Data section: Begin

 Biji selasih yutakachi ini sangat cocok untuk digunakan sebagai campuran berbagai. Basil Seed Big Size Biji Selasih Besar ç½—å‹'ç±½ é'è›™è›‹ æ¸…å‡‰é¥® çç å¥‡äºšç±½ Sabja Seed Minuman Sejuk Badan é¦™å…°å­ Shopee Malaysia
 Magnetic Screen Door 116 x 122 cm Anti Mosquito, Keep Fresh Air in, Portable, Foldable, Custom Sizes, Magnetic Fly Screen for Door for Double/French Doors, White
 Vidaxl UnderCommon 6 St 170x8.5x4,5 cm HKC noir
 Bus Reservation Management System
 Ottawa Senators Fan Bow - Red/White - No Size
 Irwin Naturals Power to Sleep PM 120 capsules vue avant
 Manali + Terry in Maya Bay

Data section: End
Data section: Begin

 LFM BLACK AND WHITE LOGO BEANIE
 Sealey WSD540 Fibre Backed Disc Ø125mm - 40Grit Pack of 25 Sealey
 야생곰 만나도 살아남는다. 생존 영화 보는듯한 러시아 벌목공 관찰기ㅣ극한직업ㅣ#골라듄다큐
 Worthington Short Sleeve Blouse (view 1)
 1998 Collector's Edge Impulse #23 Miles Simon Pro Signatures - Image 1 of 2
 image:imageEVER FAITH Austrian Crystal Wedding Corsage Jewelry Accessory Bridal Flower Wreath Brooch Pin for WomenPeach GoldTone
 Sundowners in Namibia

Data section: End

Begin with the line above that has "Sealey WSD540 Fibre" and continue through the line that has "Sundowners in Namibia", setting each one down exactly. Stop there.

 Sealey WSD540 Fibre Backed Disc Ø125mm - 40Grit Pack of 25 Sealey
 야생곰 만나도 살아남는다. 생존 영화 보는듯한 러시아 벌목공 관찰기ㅣ극한직업ㅣ#골라듄다큐
 Worthington Short Sleeve Blouse (view 1)
 1998 Collector's Edge Impulse #23 Miles Simon Pro Signatures - Image 1 of 2
 image:imageEVER FAITH Austrian Crystal Wedding Corsage Jewelry Accessory Bridal Flower Wreath Brooch Pin for WomenPeach GoldTone
 Sundowners in Namibia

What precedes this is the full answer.